Kidney Stones are solid pieces of material that form in the kidney out of substances in the urine. They may stay in the kidney, or break loose and travel down the urinary tract. Small stones may pass out of the body without causing much pain. However, larger stones may get stuck in the urinary tube (or ureter), the bladder, or the urethra (a tube from the bladder to discharge urine from the body). When that happens, the urine flow is blocked, causing great pain.
Key forms of treatment today for problem stones are:
- Medical Treatment – drinking a lot of water plus a lot of physical activity. Sometimes, medications are also prescribed.
- Surgery – removal of one or more stones by surgery.
- Shock Waves – shock waves created outside the body travel through the skin and tissues until they hit the denser (thicker) stones. The stones break down into sand-like particles and are passed through the urinary tract in the urine.
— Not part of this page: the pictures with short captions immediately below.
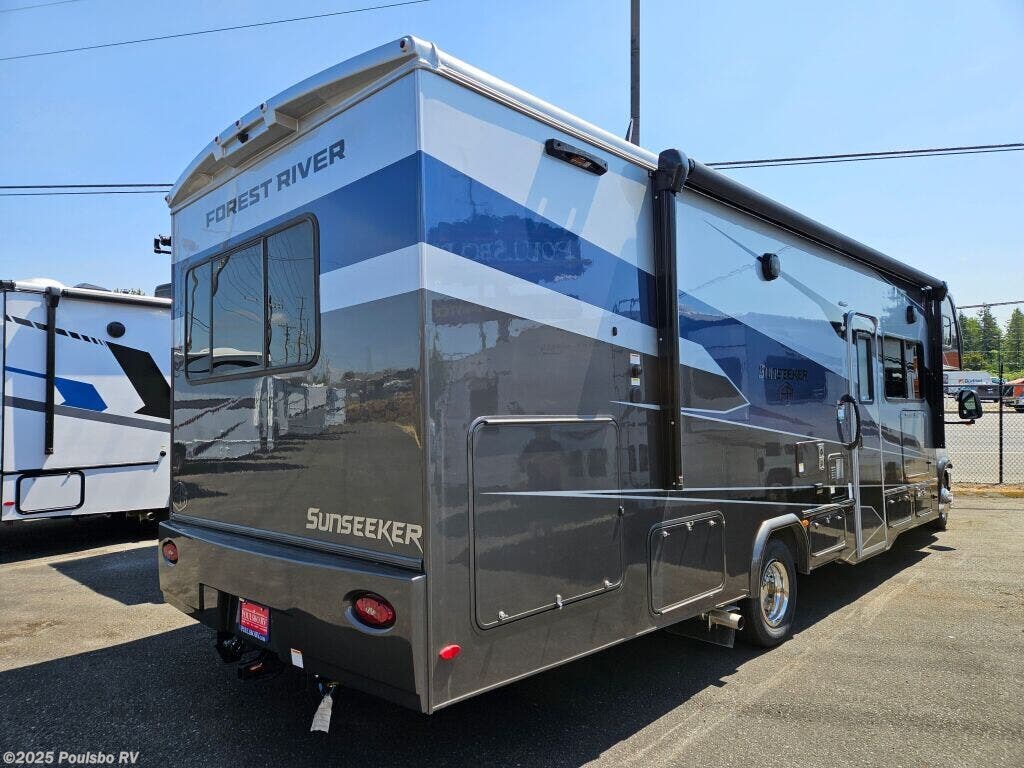 New 2026 Forest River Sunseeker Classic 3050S available in Sumner, Washington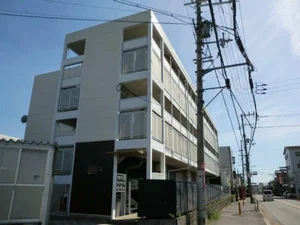 のマンスリーマンション・ウィークリーマンション「レオパレスプランタン参番館 101(No.369577)」メイン画像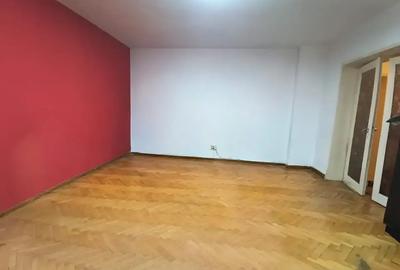 Apartament cu 2 camere decomandat în Domenii - 2
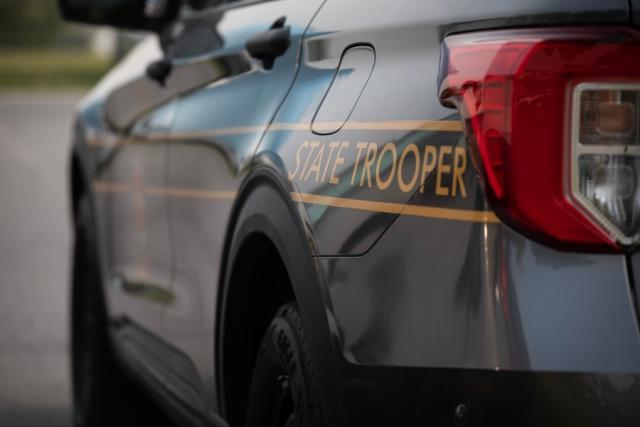 Troopers to hold DUI checkpoint in Wood County Friday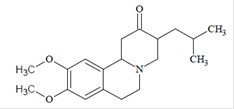 Pill image for These Highlights Do Not Include All The Information Needed To Use Tetrabenazine   tablets Safely And Effectively. See Full Prescribing Information For Tetrabenazine    Tablets.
- Tunnel Surgery – a narrow tunnel is cut in the back for the stone to pass through).
- Ureteroscope – a wire is inserted in the urethra, using a camera, to catch the stone.
To help preventing more stones:
- Drink a lot of water. In fact, if possible, drink 12 glasses a day.
- Although ginger ale, lemon-lime sodas and fruit juices are alright, water is best.
- Follow medical advice if change in food choices is recommended.
- Take prescribed medications to prevent or decrease stone formation.